Tuesday 3 June 2014

Learning to love Lina - an encounter with Nelly Miricioiu

Nelly Miricioiu
Nelly Miricioiu
In 1998, the London-base Romanian soprano Nelly Miricioiu appeared for the first time with Chelsea Opera Group in Rossini's Semiramide, I was there and can testify to it being a terrific performance; in fact Semiramide was a role which Miricioiu had been performing in Europe. It was to be the beginning of a long and profitable relationship with Miriociu making an an almost annual appearance with Chelsea Opera Group. On Sunday 8 June at Queen Elizabeth Hall, Brad Cohen will be conducting a performance of Verdi's Stiffelio with Miricioiu as Lina and Peter Auty as Stiffelio.

Over the years Nelly Miricioiu has explored a great deal of repertoire with Chelsea Opera Group, reprising roles she has performed abroad thus giving London a chance to hear them as well as exploring new roles. Highlights have included Cilea's Adriana Lecouvreur, Donizetti's Maria Padilla and Miricioiu's role debut as Verdi's Lady Macbeth in the original version of Macbeth. This year the choice was again on Verdi.

Nelly says that she and the orchestra went through a lot of music to choose the opera.
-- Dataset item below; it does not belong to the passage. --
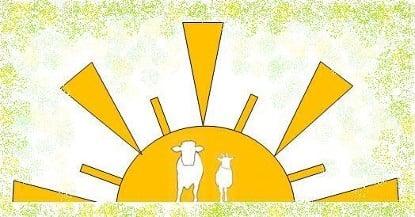 Sunrise Veterinary Services and Missions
Nelly favoured Aroldo but this was a work which Chelsea Opera Group had already performed so finally they decided on Verdi's Stiffelio. Following the original suggestion, Nelly went on-line and found Covent Garden's performance of the opera with Catherine Malifitano and Jose Carreras. Once she had listened to it she was smitten.


Verdi wrote Stiffelio in 1850, following on from Luisa Miller. It was a brave choice. Based on a French play, it is a remarkably naturalistic plot about a pastor, Stiffelio, and his wife Lina who has been unfaithful to him. She repents and Stiffelio forgives her. The plot caused problems from the start, with much interference from the censors and the work has a complicated editorial history. Verdi eventually withdrew the opera, because of the censorship problems in Italy, and the opera Aroldo was created re-using sections of the music from Stiffelio with a new libretto. Performances according to Verdi's original wishes only started in the 1990's and in 1993 Covent Garden produced the work in a new edition by Sir Edward Downes.

Despite this production, the opera has not had a significant performance history in the UK. Nelly's view is that despite the fine production, the public did not really understand the work. In Lina, Verdi has created a highly complex character but, unlike Violetta in La Traviata there is little glamour in the setting in Stiffelio. Instead of a Parisian demi-monde in La Traviata, Stiffelio explores in concentrated and intense fashion the problems in the marriage of a Lutheran pastor with a final scene in the pastor's church.

Chatting to Nelly, in the interval of rehearsal for Stiffelio, she talks about the opera. Despite loving it, it took her a long time to find Lina. There were so many aspects to the character that were foreign to Nelly, Lina is the wife of a Calvinist Evangelist and has been unfaithful. At first Nelly was unsure whether to accuse her or to find her a victim. In fact, all the characters in Stiffelio are complex. Lina's father is distraught because he looked on Lina as an angel who has now fallen. Though, as Nelly wryly points out, it is difficult to be put on a pedestal (she goes on to talk about how this chimes in with her own personal experience). She also adds that being a preacher's wife could not be easy. Thankfully for us, Nelly feels that she has finally found a way into the character of Lina. And the opera's lack of glamour will even be reflected in Nelly's choice of frock for the evening.

Lina will be another addition to the gallery of Verdi's heroines that Nelly has portrayed. She cites Verdi and Donizetti as being her two favourite opera composers, and finds many links and influences from Donizetti in Verdi's writing. Nelly enjoys singing Verdi because the music suits her and her voice; not only does she feels she understands it and but she appreciates the way his writing is akin to that of Donizetti.

Her favourite Verdi role remains Luisa Miller, though she admits that there are some such as Leonore in Il Trovatore tha she finds less sympathetic. Nelly comments that she herself is very volcanic in temperament, and even in tranquillity is still dramatic so the more placid heroines do not appeal. Aida is another role about which Nelly admits to never being certain. She is also clear that it is the lyric roles which suit her, though in fact Lina goes towards the more dramatic.

Nelly is most enthusiastic about Chelsea Opera Group, talking about them as a family and saying she is grateful that the group is interested in doing operas which suit her, that they are doing repertoire that she wants to do and has not done at all.